SEQUIM — The Sequim boys basketball team has the rest of the Class 2A state tournament field right where it wants them: receiving all the attention.
This particular group of Wolves (10-14 overall) are no lead dogs.
No, they’d rather sneak up on their prey.
They will have a perfect chance to do that at this week at the Yakima Valley SunDome, beginning with tonight’s first-round game against District 7 champion Clarkston (15-9) at 7:30 p.m.
As the 2A tournament’s lone team with a losing record, they’re the prohibitive underdog. That suits Sequim’s second-year head coach Greg Glasser just fine.
“There’s no other position I’d want to be in,” Glasser said. “When we go over there we’re not going to be the ones that are stressing about the game.
“[Tournament favorites] Mark Morris, Squalicum [and] River Ridge, those are the teams that everybody is expecting.
“They are wondering where the heck Sequim is. So I love our position. I love people telling me that I can’t do something or that we can’t do something.”
The Wolves have heard plenty of that this year.
After the preseason departures of starting brothers Nic and Dalton Thacker, many thought the Wolves would come up lame this winter.
An Olympic League preseason coaches’ poll conducted by the Peninsula Daily News had Sequim pegged to finish one spot from the bottom in eighth. Only the Kingston Buccaneers, a winless program before January, were picked behind them.
Glasser made sure to present an enlarged copy of the poll to his players before their first game of the season.
“I gave that to the kids, and a lot of them remembered it,” Glasser said. “That’s their motivation is to prove people wrong, and to say ‘Yeah we do belong here.'”
It took some time for the Wolves to do that. After all, they did finish seventh in the Olympic League and third among the 2A schools in the regular season.
Yet when they got a second chance, they pounced.
Sequim spent almost its entire season trying to get healthy.

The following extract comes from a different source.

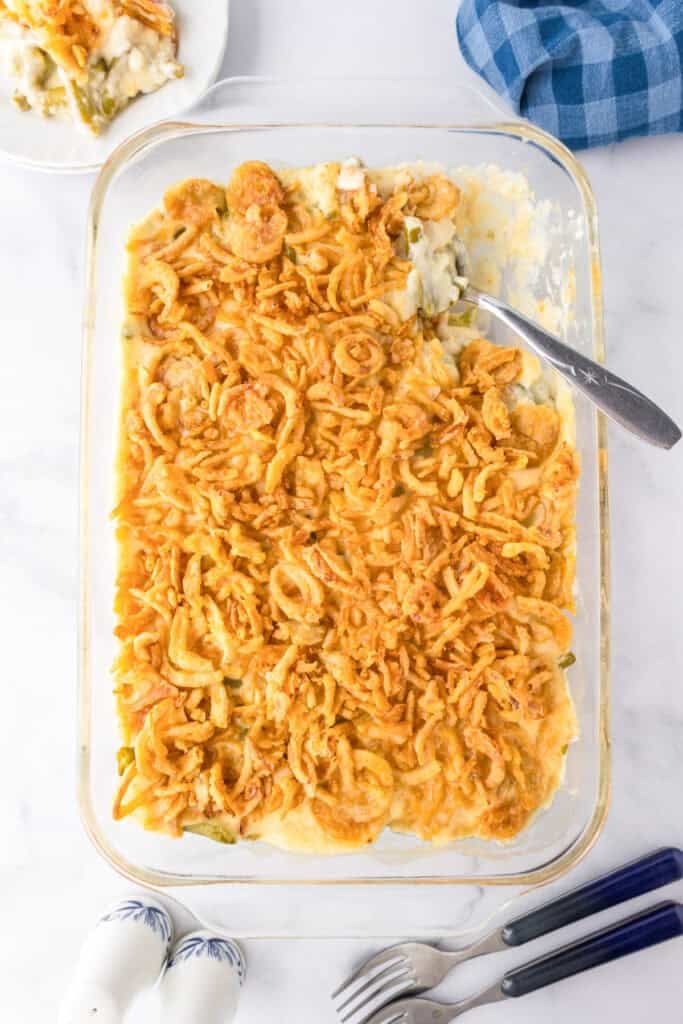 A glass baking dish filled with green bean casserole topped with crispy fried onions, a serving spoon inside. A plated serving of the classic green bean casserole and utensils are nearby.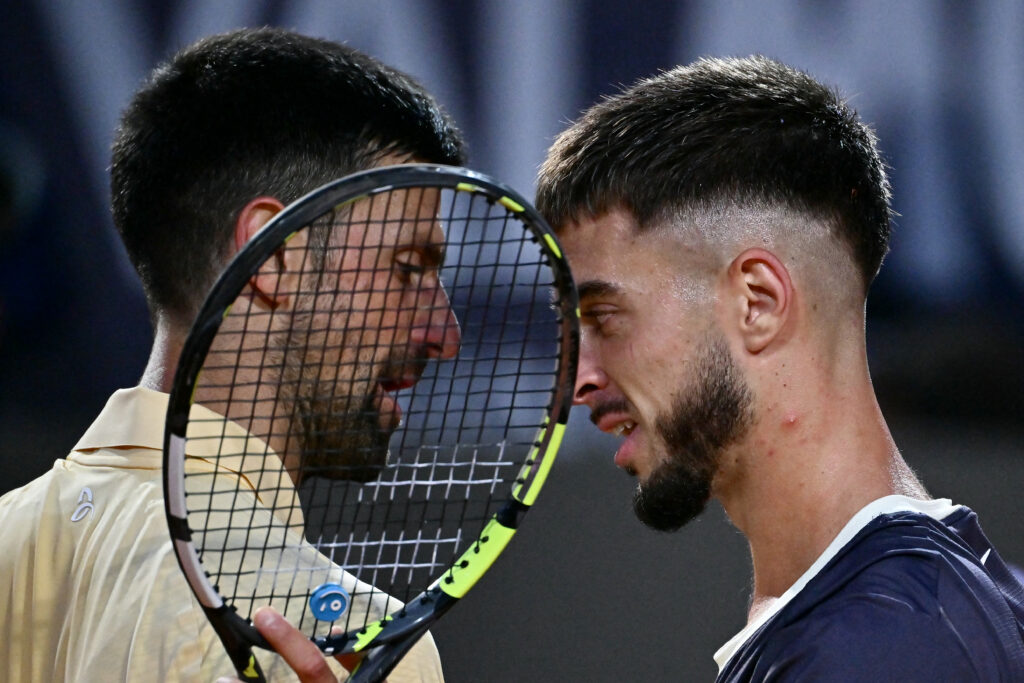 Novak Djokovic and Dino Prizmic embrace after their match in Rome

The starting lineup was intact for only a handful of games, with injuries varying from the standard (junior forward Clancy Catelli’s ankle) to the absurd (senior guard Ary Webb’s mononucleosis).
On rare occasions when the roster was together, the Wolves showed flashes of brilliance, like when they beat 3A arch rival Port Angeles 34-30 for the first time since 2003.
When it wasn’t together, things didn’t go quite as smoothly, like when they got thumped by Bremerton 70-46 weeks later.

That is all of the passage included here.